The two men hit it off joking and drinking but the new guest is sick. The next day the guest's wife (Michelle Pfeiffer) shows up and boldly questions the owners' relationship, rudely throwing around their wet laundry and making herself at home. The surgeon invades the poet's writing room and breaks his precious crystal causing the woman to demand the guest couple to leave. They don't as the poet remains welcoming even when the guests' younger son (Brian Gleeson) shows up claiming that his older brother (Domhnall Gleeson) is angry about the will. The older brother shows up angry and chases the younger brother until he kills him right in front of Lawrence's character. The family and the poet leave the woman alone in the house to clean up the mess as they go to the hospital. She is terrorized by the older brother until the poet returns.

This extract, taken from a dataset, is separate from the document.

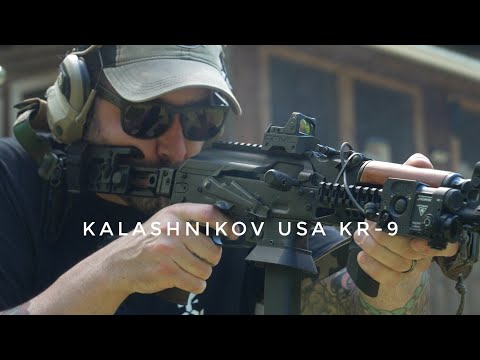 Kalashnikov USA KR-9 SBR - Zenitco Combloc Alpha Styled Build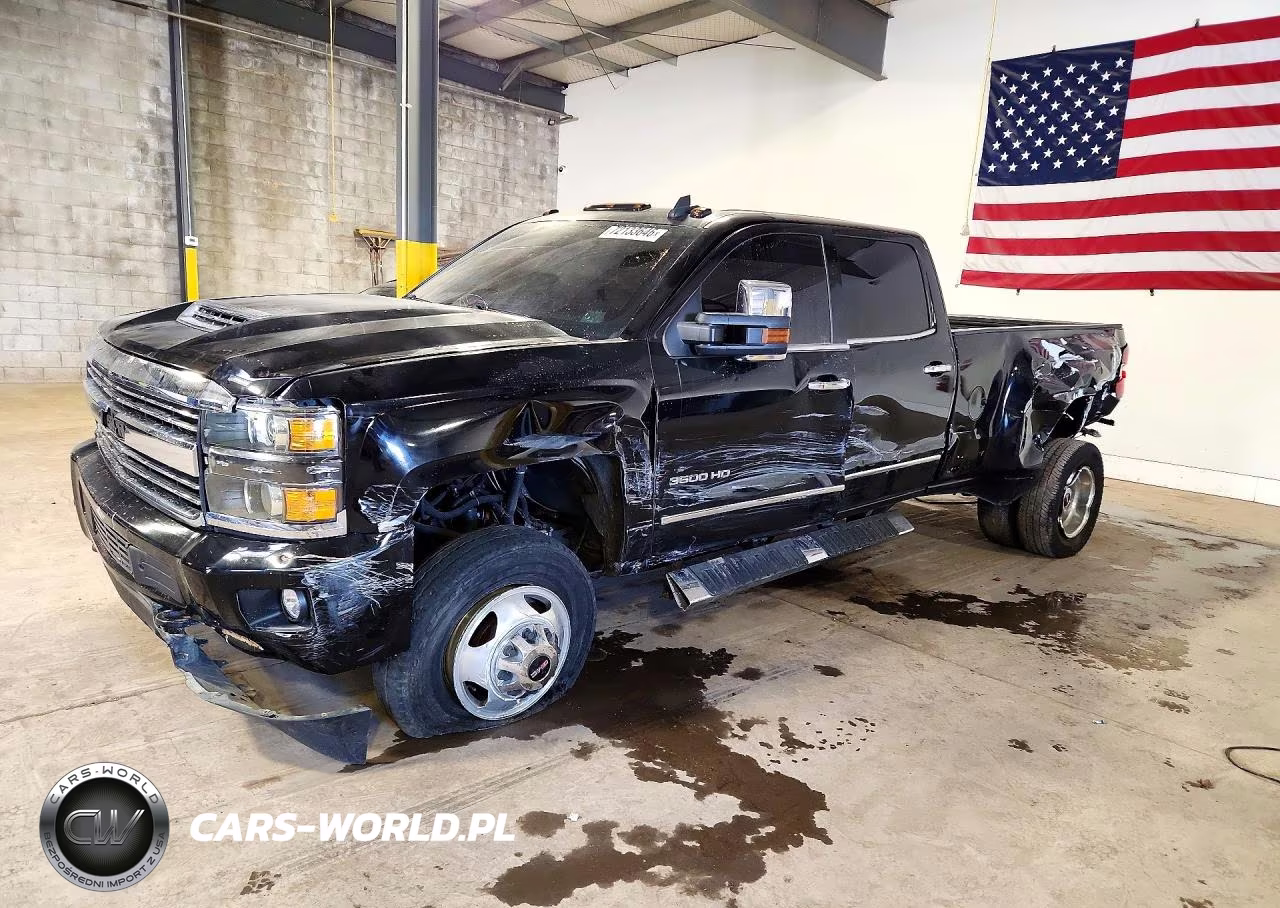 2018 Chevrolet Silverado K3500 Ltz VIN:1GC4K0CY3JF101707 - 1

The movie goes off the rails as the poet invites more and more people for a wake for the young son. The guests destroy the house and invade their room and bed. Lawrence's character tries to get them to leave, though the Bardem's poet remains welcoming. They argue after everyone leaves and eventually make love impregnating the woman. The mother cleans the house as the poet discovers his ability to write again producing an acclaimed work. As the mother's belly grows, the poet's fame increases until the night they are celebrating with a quiet meal turns into a fan event and a book signing. The poet's manager (Kristen Wiig) arranges the event and continues to invite in adoring fans despite the mother's protest. The film gets even wilder as the crowds turn into riots and then all out war.

The mother births the baby but does not trust the poet to hold it. She tries to watch over it but falls asleep and the poet steals the child to bring out to her adoring crowds who take it and pass it around until they tear it apart and eat it in the most disturbing scene of the film. The mother is enraged and fights her way to the baby but the crowd beats her until the poet saves her. She breaks free and runs into the basement where oil leaks from a tank and she sets fire to the house. The process begins again after the poet harnesses the devotion from the mother's chest. The film is a mad metaphor heavy on the symbolism that isn't so desne or subtle about its message. I enjoyed most of it but foudn some parts a bit too strange.